Although the reasons for thinking this were not explored, it seems that the more religious are content to allow a child to suffer from serious handicaps or medical conditions than to interfere with what they believe their god created. Supersittion and the fear of annoying a deity, or some strange belief that a suffering child is for some ultimate good purpose, seems more important than preventing suffering in others, even when this is technically possible.

Even so, the overall approval figures, including those for whom religion was 'not too/not at all important', in all the countries surveys was well over 60% in favour of genetic intervention to treat serious conditions. This is broadly in line with the percentage of those who accept evolution as the best explanation for human existence.

Many across global publics are wary of gene-editing research, but majorities have a favorable view if gene editing for babies is used to treat serious disease

Although there is a general, widespread belief that gene editing is a misuse of technology, this does not extend to all possible uses. For example, using it to treat or reduce the risk of serious diseases or conditions in babies is seen as appropriate, there is a large majority across all groups who see using it to improve a baby's intelligence as a misuse.

Half or more in most publics say there is a general conflict between science and religion

There is generally a mixed perception of the degree to which science and religion are in conflict. For example, in south Korea, where 65% see a conflict existing and 55% feel this conflict between science and their religion sometimes or often, in Australia these figures are 58% and 28% respectively, and in Japan; 50% and 15% respectively.

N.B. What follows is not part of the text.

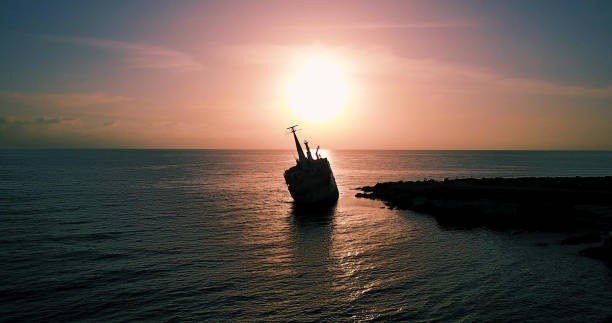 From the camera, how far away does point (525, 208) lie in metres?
40.5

These differences are probably related to the numbers of religious versus unaffiliated people in different countries. For example, although I, as an Atheist see science as a counter to religious superstition and therefore in conflict with it, I would say that science never conflicts with my 'religious' beliefs (i.e. no religious beliefs at all, therefore no conflict).

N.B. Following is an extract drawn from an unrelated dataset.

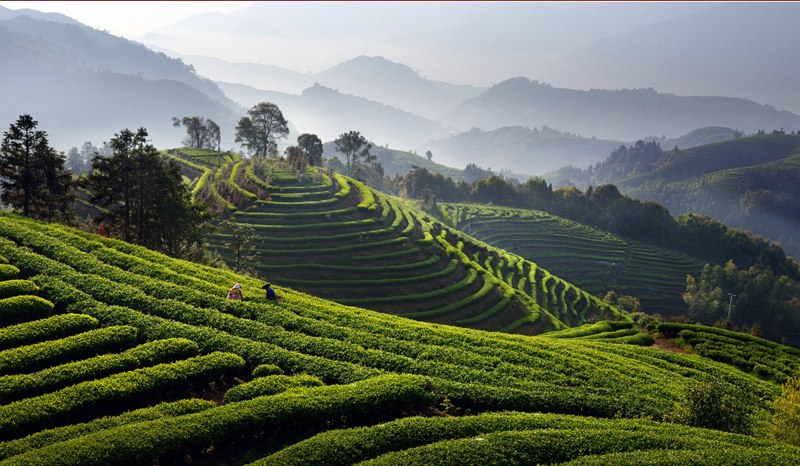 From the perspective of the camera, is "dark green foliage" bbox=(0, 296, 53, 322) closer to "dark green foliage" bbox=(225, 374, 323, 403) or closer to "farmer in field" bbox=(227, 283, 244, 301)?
"farmer in field" bbox=(227, 283, 244, 301)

Creationist fundamentalist, on the other hand, with their belief in a literal interpretation of their holy book, have religious belief that are in direct conflict with scientific explanation of not just the origin of humans but of all life, Earth and of the Universe itself. Not only is this conflict recognised but it is felt often, whenever they hear a scientific explanation for almost anything.

It is clear from this survey that, in the countries surveyed, science has made huge inroads into religious belief and has largely replaced religious superstition as the best explanation for biodiversity and human origins. Nevertheless, there is widespread concern about the ethics of using gene-editing either therapeutically to correct genetic abnormalities which could or will cause a child problems in later life. Howver, using it to 'interfere with nature' (an essentially religious view as though there is some intent behind a baby's genetics) is considered an inappropriate use of the science.